Alors, Lucienne Peiry joue également de la confrontation. Mais, de salle en salle, Bach, Alban Berg, Frank Martin, Eugène Ysaÿe ne servent pas à illustrer le rapport de Soutter avec le monde; plutôt à nous plonger dans l’imaginaire troublé de l’artiste.

«L’expression artistique chez Louis Soutter, qu’elle soit musicale ou picturale, est à la fois une détresse et une exaltation», analyse la directrice.

Si les deux expositions lausannoises sont complémentaires, elles relèvent donc de deux approches qui, elles, sont divergentes, sinon concurrentes.

Profusion créatrice

Louis Soutter, art brut ou pas? La question a-t-elle vraiment une importance? L’essentiel est plutôt dans cet invraisemblable déluge d’images qui a traversé vingt années d’une vie. Inventivité et souffrance.

De 1923 à 1930, la période des «cahiers», où Soutter use du dessin comme d’un journal intime. Réseau de lignes, formation de textures, émergence de formes.

Puis de 1930 à 1936, la période dite «maniériste». «L’œuvre prend de l’ampleur, les formats s’agrandissent, et Louis Soutter se déprend des manières conventionnelles encore plus magistralement. Les êtres qu’il peints sont des femmes effrayantes, cauchemardesques, troublantes», constate Lucienne Peiry.

Enfin, dès 1937, cette période des peintures aux doigts, où l’artiste supprime tout intermédiaire entre le support et son propre corps. «Il y a un engagement physique qui est total. Il trempe ses doigts dans de l’encre, dans du vernis, dans du cirage, et avec véhémence, trace des corps humains sur du papier, qui sont presque des ombres», dit Lucienne Peiry, qui parle de «période sublime».

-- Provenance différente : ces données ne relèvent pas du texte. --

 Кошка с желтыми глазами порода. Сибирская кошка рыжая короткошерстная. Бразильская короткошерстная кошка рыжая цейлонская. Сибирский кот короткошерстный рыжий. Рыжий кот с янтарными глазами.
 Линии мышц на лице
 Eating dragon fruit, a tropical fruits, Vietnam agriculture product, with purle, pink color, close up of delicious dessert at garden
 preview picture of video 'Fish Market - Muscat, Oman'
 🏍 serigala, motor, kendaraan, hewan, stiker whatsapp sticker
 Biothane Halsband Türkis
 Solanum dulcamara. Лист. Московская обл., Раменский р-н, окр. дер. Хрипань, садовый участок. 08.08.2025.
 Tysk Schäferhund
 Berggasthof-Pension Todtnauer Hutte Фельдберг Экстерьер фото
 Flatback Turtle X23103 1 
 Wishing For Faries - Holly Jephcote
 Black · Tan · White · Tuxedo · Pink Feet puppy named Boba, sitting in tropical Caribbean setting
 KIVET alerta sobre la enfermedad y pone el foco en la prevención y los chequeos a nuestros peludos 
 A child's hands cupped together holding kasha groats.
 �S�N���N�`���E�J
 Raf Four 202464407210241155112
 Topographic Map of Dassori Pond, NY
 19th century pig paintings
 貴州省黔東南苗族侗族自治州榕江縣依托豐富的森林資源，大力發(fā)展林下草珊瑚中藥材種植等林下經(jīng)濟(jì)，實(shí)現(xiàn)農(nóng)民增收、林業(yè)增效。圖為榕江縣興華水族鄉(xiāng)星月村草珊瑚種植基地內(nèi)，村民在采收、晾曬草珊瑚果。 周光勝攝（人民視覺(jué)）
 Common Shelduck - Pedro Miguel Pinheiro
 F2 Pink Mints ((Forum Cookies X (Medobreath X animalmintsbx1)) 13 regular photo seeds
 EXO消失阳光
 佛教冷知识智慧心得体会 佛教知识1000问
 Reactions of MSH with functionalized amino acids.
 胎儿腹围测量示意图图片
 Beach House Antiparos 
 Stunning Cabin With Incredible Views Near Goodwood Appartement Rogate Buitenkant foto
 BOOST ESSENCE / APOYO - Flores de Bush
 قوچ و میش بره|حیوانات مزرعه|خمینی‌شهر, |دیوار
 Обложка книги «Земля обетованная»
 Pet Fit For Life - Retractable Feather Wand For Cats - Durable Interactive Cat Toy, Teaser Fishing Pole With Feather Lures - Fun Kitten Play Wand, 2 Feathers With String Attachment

Si tant est que la mort soit sublime. Car la mort est omniprésente dans ces oeuvres, traversées de figures christiques et lugubres. La mort que Louis Soutter pressent, la sienne, mais celle des autres aussi. L’Europe s’apprête à vivre à l’heure du fascisme et du nazisme.

swissinfo, Bernard Léchot

Lausanne: «Louis Soutter et les modernes», Musée cantonal des Beaux-Arts, et «Louis Soutter et la musique», Collection de l’Art Brut, à voir jusqu’au 4 mai.

A noter la publication d’un riche catalogue: «Louis Soutter 1871 – 1942», publié par le Kunstmuseum de Bâle et les deux institutions vaudoises. Avec des textes, notamment, de Hartwig Fischer et Lucienne Peiry, mais également de Michel Thévoz, Le Corbusier, René Auberjonois, Jean Dubuffet, Jean Giono, Jean Starobinski, Paul Nizon.